Re: How can I decrease my stupidity?
Disclaimer: My response might be dumb. Read with caution.
IIRC, you were 13ish whenever you started posting? A year ago maybe?
You set off fewer obvious "I am a young teenager" alarms for me than a few young teenagers around here, and I wouldn't insult the intelligence of all that do.
If I were 13/14-ish, I'd probably say something like "Don't listen to everything you hear/ask questions/read a lot". Keep in mind, I was under the impression that I was following said advice, and now I'm pretty sure I wasn't doing it right. It's still a good idea, but... ah... doing it right appears to involve a great deal of luck, effort, and luck, so let's just put it in the "generic but think about it" pile for now.
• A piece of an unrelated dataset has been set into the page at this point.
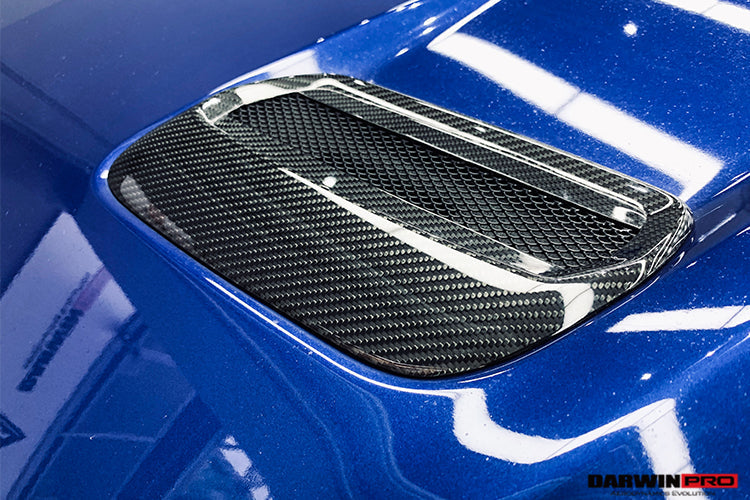 2018-2023 Ford Mustang Carbon Fiber Hood Vents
If I was even worse than I am at modeling other people's reactions, I'd suggest websites (with warnings about things that look enough like Singularity cults that a lot of outsiders r ound up and leave it at that), but that'd be a dumb idea. Especially since certain websites do not appear to have done much for me. So I will in no way suggest that you read a blog that talks about the Bayesian Conspiracy, because then I'd just look dumb. And that's kinda what we're trying to avoid, here.
So, instead, I'll suggest that, if any conversations where this comes up are in a form that can be saved, save them. Don't go nuts over them trying to figure out what happened; people do this over mistakes all the time, and while sometimes it does help for the future, most of the time postfacto rehearsal is just stressful. But finding patterns is nice. It does, though, require a sufficient hypothesis selection ability, which is actually pretty difficult to come up with. Hence, "read a lot".
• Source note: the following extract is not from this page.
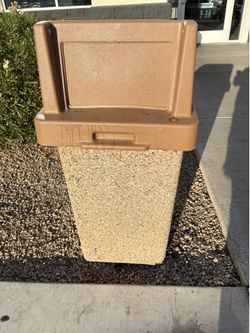 Concrete trash cans for sale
But, you know, people tend to move toward the average of the people with whom they have the most contact. This has some weird zero sum implica tions (The average stays the same, the worst gets better and the best gets worse), which makes trying to use this to one's advantage into a moral dilemma of sorts (though there are ways to munchkin around this. For example, if one focuses on gaining from a superior group, but all the stronger members of the group have other connections pulling their average upward...). But that's... kinda insane and unreliable and how in the world does someone go shopping for a group of "people smarter than me who I can spend most of my time with but who have even smarter people they can spend enough time with that I don't weaken their smartness"? That, and it's a general rule of thumb, not a hard-and-fast law.
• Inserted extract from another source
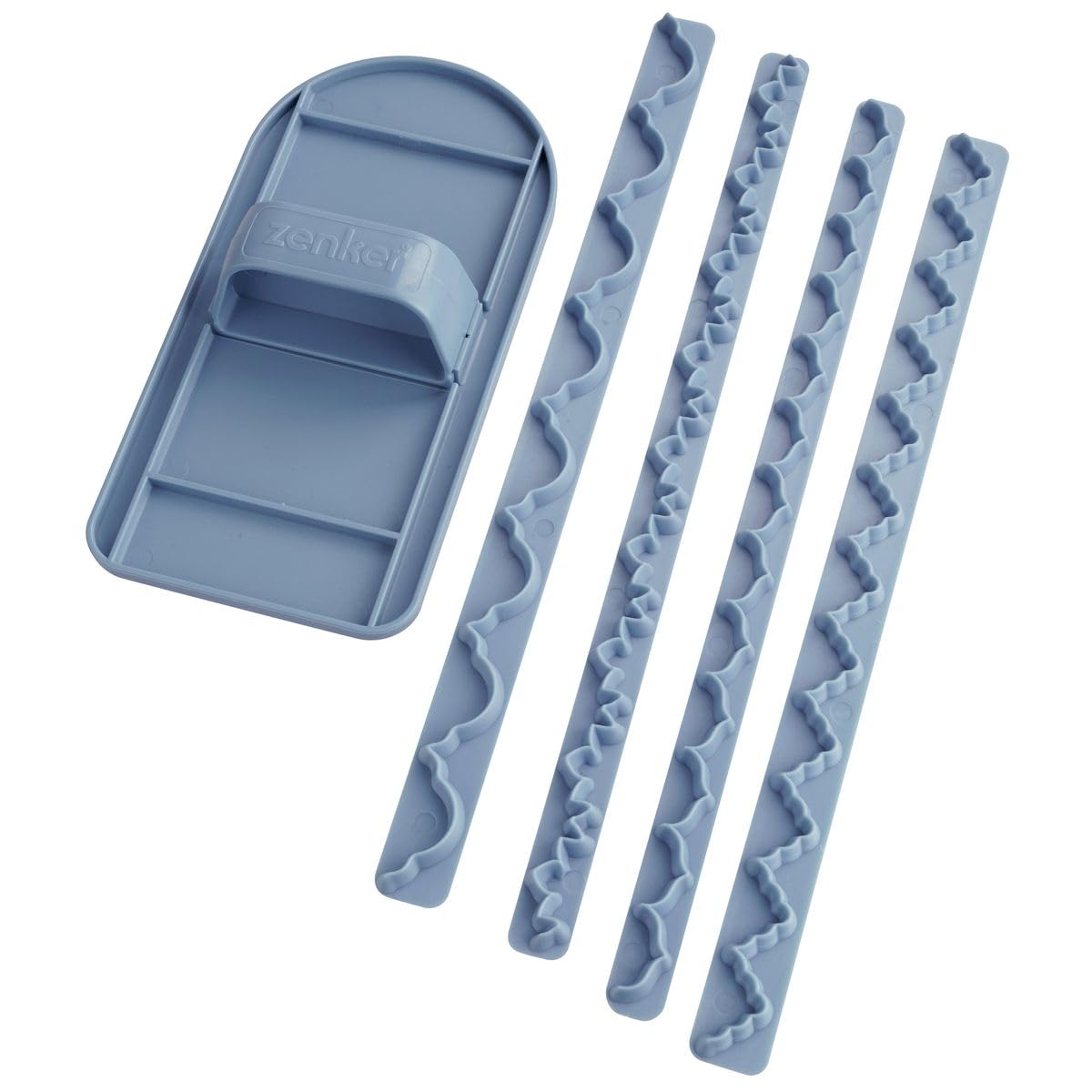zenker-patisserie-683704-lisseur-g-teau-bleu-16-5-cm image 5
I think this post is a mess. Let's just round to "read a lot" and "try things, and if you don't get frustrated at least monthly, you should probably try harder". But... that last one needs caveats about how one should consider evidence (and the strength of said evidence) before deciding what to try (i.e., if there's ample evidence that something is self-destructive, probably shouldn't try it. But research the evidence to be sure you understand it right. So don't jump off bridges, because that generally results in injuries or death or at least a visit to the police/mental hospital. The evidence for that is pretty strong: gravity and bone-breakage don't magically stop working below bridges. If a troll tells you otherwise, laugh at them for being from a medieval fairytale, then ask them to star in your epic feature-length live-action retelling of the Billy Goats Gruff.)